Siem Reap feeds you twice. Riverside and alleyways divide the flavors. Old Market's north wing opens early. Num krouch fry for pennies. Fish slime slicks the floor. Lime-chili stings the air. Hup Guan Street hides L'Annexe. Duck confit lands under silver domes. Wine leans Bordeaux. Prices lean mid-range. Malis on Pokambor serves smoky amok. Banana leaf bowls float above koi. Shorts feel underdressed here. After 10 pm, Road 60 ignites. Fermented pork skewers sizzle under blue tarps. Tuk prahok clears sinuses and hangovers. Miss Wong waits on The Lane. Scarlet walls hush the crowd. Kampot-pepper gin sours shake while Chinese pop crackles.

When to Visit

November to February greets you cool.
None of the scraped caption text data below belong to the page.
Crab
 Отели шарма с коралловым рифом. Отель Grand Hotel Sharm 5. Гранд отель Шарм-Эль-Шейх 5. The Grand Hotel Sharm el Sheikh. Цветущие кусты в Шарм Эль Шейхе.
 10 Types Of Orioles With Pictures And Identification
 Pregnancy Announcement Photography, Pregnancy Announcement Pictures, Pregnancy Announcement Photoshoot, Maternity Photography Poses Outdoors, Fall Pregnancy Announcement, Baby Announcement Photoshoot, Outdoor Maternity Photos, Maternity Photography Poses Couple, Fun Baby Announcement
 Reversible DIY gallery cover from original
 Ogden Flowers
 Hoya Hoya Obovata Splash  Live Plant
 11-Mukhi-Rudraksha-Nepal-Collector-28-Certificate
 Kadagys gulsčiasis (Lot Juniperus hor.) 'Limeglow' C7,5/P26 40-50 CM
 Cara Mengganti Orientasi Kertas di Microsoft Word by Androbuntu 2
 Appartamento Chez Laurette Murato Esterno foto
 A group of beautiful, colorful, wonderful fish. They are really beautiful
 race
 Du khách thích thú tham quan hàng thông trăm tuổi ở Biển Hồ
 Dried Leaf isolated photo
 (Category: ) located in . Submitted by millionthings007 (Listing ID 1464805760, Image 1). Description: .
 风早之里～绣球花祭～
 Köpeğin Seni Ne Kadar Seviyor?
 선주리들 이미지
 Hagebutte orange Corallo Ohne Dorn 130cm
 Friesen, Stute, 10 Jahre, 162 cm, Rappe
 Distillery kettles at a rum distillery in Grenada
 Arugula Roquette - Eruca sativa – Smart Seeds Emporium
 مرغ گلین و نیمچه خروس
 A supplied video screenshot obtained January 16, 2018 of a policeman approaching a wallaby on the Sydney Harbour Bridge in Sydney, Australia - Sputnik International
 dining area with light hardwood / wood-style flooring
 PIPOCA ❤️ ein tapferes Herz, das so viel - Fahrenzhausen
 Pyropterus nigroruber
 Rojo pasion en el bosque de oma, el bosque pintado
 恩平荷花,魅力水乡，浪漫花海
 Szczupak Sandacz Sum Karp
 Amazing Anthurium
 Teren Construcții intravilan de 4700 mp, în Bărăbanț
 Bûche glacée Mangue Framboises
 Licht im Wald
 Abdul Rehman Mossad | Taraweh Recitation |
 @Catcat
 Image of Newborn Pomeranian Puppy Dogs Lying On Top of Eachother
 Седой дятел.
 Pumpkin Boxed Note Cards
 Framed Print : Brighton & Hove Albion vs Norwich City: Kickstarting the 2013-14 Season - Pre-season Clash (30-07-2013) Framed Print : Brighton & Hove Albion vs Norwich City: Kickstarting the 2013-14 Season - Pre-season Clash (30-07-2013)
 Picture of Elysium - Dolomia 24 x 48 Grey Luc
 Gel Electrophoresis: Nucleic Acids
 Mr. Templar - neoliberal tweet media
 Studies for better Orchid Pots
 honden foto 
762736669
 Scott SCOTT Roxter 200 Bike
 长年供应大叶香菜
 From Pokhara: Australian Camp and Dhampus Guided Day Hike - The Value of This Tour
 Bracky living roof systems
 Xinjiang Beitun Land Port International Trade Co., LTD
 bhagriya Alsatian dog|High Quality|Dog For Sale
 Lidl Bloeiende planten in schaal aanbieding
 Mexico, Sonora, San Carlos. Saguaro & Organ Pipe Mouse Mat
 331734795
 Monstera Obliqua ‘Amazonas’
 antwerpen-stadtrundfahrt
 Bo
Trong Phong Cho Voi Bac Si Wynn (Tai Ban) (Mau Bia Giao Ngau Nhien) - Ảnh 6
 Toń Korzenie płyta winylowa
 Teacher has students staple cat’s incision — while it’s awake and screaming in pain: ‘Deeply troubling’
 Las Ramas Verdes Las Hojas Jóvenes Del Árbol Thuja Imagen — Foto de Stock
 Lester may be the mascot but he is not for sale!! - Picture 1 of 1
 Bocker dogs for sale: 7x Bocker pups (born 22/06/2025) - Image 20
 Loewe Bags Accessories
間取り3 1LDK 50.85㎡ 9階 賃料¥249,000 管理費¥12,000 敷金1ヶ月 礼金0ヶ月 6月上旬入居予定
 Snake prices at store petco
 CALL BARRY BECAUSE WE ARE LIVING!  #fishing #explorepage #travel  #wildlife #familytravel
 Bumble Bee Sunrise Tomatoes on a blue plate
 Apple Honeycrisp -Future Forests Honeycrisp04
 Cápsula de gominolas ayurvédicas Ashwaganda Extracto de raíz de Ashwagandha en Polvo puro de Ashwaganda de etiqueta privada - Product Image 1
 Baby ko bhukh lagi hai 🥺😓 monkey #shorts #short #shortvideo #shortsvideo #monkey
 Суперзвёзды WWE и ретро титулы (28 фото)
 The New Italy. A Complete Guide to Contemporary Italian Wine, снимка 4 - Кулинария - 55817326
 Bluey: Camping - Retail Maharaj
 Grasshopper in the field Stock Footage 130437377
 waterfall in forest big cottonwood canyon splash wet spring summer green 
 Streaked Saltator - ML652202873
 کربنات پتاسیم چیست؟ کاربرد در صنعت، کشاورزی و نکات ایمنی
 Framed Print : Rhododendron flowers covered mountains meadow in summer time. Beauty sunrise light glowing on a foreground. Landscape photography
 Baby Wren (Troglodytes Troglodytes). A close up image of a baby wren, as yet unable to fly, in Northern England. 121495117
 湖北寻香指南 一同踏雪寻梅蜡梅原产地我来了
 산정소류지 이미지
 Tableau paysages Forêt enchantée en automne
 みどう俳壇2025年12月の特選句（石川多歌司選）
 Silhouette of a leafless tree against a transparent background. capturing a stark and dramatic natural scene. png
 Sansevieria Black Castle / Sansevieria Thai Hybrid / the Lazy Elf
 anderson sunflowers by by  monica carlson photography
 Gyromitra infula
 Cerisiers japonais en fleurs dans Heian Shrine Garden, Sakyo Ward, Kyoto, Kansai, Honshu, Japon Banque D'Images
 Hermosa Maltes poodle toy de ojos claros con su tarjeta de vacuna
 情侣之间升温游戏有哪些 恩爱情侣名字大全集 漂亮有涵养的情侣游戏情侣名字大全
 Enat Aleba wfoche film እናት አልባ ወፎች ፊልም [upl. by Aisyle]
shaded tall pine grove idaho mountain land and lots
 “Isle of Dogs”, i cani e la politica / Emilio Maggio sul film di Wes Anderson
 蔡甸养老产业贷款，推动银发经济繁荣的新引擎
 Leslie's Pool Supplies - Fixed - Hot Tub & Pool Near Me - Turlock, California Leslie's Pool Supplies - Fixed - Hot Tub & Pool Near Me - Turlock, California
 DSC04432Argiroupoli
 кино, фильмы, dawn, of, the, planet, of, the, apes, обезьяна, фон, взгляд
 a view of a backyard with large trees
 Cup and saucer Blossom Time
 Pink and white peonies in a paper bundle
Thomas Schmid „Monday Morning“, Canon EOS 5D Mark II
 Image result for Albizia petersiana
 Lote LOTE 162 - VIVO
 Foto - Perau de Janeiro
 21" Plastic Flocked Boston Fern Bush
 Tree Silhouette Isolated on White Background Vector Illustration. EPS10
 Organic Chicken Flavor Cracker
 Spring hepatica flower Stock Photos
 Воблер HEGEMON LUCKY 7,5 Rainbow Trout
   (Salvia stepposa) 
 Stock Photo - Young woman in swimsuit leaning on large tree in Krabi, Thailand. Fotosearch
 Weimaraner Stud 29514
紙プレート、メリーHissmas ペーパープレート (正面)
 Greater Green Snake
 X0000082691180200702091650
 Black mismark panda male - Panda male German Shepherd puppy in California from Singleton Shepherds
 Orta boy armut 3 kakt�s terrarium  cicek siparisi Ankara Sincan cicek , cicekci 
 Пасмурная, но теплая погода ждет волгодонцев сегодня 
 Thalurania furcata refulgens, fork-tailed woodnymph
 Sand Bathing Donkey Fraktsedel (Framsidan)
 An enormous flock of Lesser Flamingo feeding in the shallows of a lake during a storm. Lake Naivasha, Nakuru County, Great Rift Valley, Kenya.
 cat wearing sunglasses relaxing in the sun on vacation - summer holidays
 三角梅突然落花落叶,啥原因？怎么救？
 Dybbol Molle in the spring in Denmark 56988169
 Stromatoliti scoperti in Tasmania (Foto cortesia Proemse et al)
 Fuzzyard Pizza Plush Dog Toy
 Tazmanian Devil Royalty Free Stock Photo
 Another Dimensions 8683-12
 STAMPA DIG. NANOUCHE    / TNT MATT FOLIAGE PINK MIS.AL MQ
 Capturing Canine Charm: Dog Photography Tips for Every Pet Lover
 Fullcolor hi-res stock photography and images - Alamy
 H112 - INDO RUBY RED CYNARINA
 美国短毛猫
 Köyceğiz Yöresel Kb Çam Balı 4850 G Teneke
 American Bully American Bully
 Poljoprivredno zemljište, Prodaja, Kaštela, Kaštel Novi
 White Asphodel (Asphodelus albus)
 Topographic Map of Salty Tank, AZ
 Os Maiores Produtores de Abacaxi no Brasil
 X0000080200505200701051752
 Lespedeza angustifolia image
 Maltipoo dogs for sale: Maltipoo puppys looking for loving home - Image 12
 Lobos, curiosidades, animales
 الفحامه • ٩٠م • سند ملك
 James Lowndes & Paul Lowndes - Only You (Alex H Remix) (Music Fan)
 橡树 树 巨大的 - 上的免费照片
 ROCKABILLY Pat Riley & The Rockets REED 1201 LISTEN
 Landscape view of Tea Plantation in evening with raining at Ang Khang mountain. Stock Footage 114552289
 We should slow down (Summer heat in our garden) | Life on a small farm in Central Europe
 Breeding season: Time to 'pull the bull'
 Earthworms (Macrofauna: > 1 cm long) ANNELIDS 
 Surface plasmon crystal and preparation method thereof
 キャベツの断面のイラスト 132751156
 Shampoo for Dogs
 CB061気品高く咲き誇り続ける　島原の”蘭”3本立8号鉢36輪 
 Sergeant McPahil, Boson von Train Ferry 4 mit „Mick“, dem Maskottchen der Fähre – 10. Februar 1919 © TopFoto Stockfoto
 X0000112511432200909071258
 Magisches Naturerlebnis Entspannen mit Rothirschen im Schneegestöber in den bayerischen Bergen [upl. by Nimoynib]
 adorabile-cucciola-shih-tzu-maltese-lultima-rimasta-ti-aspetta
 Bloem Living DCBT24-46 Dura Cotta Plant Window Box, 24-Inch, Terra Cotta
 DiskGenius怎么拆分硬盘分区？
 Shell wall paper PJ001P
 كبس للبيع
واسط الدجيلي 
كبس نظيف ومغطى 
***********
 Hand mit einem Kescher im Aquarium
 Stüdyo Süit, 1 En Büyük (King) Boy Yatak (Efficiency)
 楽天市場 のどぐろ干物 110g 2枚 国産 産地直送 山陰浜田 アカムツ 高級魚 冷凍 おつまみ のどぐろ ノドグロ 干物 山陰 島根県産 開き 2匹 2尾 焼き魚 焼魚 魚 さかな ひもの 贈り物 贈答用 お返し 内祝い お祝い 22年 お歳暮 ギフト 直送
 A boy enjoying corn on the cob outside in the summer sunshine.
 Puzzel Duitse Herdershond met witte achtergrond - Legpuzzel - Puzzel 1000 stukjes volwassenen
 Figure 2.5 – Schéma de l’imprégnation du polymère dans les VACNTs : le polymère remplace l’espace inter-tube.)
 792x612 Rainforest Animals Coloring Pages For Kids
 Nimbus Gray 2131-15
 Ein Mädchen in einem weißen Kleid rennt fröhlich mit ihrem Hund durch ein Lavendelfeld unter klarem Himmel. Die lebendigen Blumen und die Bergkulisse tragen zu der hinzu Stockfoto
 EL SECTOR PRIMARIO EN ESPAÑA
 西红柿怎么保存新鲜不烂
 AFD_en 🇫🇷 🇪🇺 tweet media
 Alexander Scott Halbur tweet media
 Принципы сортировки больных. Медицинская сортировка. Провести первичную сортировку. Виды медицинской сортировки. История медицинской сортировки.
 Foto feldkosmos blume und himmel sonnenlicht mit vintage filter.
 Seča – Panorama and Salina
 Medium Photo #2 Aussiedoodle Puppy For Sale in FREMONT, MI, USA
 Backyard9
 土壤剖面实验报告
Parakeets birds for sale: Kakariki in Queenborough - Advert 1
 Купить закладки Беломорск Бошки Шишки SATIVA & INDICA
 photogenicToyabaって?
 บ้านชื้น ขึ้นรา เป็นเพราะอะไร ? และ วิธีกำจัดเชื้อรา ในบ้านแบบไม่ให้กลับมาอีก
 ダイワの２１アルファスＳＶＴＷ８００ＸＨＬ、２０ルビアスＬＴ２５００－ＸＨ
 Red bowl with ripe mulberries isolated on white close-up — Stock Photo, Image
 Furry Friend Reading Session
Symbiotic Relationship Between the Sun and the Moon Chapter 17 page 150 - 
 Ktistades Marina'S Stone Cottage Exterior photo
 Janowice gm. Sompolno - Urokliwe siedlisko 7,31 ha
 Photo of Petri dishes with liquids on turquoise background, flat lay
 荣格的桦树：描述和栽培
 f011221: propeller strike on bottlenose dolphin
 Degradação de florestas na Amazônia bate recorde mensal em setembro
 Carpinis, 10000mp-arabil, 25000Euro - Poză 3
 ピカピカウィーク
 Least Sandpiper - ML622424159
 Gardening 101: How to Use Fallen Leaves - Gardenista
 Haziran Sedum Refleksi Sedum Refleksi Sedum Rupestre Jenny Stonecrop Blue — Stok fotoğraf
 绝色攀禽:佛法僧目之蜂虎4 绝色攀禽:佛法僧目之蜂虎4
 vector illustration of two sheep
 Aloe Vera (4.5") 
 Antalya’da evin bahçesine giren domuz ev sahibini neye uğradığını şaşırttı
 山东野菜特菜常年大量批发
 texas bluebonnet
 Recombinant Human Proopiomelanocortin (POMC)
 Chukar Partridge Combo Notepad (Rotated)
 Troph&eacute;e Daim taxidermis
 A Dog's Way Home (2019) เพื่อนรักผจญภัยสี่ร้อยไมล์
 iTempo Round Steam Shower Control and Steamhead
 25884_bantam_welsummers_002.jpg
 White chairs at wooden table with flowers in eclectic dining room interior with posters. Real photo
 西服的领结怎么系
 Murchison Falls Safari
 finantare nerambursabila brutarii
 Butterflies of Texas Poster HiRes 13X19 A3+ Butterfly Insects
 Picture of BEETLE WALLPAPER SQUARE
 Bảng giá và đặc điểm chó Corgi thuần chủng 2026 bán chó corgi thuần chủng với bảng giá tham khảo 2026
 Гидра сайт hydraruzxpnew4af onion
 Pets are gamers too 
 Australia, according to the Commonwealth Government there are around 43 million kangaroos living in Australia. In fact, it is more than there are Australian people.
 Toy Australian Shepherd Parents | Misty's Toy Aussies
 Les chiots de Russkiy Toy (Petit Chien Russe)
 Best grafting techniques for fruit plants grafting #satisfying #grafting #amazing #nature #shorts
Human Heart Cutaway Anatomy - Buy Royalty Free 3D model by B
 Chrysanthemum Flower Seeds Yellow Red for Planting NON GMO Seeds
Mornings stay dry for 5 am temples. Evenings barely ask for a sweater. Bars buzz outdoors without a shiver. March flips the switch to hot. April feels like a hairdryer on high. Tamarind trees bleed rust onto laundry. May through October brings afternoon thunder. Streets drown ankle-deep within minutes. Drivers wrap like ninjas against rain. Hotel rates dive with the barometer. Angkor moats glow electric green. Chinese New Year packs flights tight. Khmer New Year mid-April triples prices. Water fights rule the streets. Quiet ruins hide until May.

Insider Tips

Keep a crisp two-dollar bill handy. Temple toilet attendants love pristine USD. They will wave you to the cleanest stall. No bill, no thrill.
Tuk-tuk drivers pitch 'cheap gas' detours. He earns a commission. You lose time. Smile, say no, save twenty minutes. Stick to the temple road.
The Angkor ticket office café pours strong iced coffee. Grab one before sunrise. You will need the caffeine. Everyone else strolls past hidden carvings. You will see them.